De Dienst Vreemdelingenzaken behandelt de visa-aanvragen ingediend om gezinshereniging te bekomen op basis van artikelen 10, 10bis, 40bis en 40ter van de wet van 15 december 1980.
De wet van 8 juli 2011 heeft ondubbelzinnig nieuwe voorwaarden ingevoerd voor gezinshereniging, onder andere wat de eisen voor de bestaansmiddelen betreft.
De wetgever heeft dit zo gewild.
Deze wijziging raakt niet aan de hoofdzaak van het recht, maar wijzigt wel enkele voorwaarden om dit recht te laten gelden.

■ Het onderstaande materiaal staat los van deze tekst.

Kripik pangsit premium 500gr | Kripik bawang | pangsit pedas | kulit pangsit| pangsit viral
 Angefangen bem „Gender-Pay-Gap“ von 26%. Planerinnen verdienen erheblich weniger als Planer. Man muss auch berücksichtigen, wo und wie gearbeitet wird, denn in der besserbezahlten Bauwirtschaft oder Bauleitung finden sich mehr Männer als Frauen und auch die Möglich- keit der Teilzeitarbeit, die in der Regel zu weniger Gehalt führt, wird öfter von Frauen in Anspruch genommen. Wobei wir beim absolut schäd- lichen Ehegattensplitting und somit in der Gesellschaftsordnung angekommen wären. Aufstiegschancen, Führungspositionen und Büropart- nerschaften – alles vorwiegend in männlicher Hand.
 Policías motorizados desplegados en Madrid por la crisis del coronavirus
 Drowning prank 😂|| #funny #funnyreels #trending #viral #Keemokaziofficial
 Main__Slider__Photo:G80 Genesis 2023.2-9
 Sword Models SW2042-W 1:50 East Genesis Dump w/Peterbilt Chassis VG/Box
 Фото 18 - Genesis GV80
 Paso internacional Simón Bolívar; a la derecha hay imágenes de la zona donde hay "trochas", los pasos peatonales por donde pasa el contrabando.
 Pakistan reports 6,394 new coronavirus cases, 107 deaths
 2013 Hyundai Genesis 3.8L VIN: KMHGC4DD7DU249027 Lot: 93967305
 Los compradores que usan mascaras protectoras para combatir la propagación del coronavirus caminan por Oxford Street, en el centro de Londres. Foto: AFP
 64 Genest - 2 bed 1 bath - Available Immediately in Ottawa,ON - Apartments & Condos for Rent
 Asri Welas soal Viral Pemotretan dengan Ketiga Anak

Als er humanitaire motieven bestaan, heeft de vreemdeling altijd de mogelijkheid een aanvraag in te dienen volgens artikel 9 van de wet van 15 december 1980.
Het feit dat men niet voldoet aan één van de voorwaarden voorzien in de wet van 8 juli 2011, wordt op zich niet beschouwd als een humanitair motief.
Mevrouw Fatma Pehlivan (sp.a). - Ik dank de staatssecretaris voor dit uitgebreide antwoord. Ik wacht op de volledige evaluatie. De minister heeft gezegd dat in vijftig procent van de gevallen een visum kan worden geweigerd als gevolg van een ontoereikend gezinsinkomen. Misschien beseffen de mensen nu dat ze een vast inkomen moeten hebben om hun partner uit het buitenland te laten overkomen. De minister zegt ook dat de DVZ geen rekening houdt met mensonwaardige situaties. Ik vraag om daar wel rekening mee te houden, zo niet zullen mensen die een negatief advies krijgen een advocaat raadplegen en op basis van artikel 9 een visum trachten te krijgen voor gezinshereniging.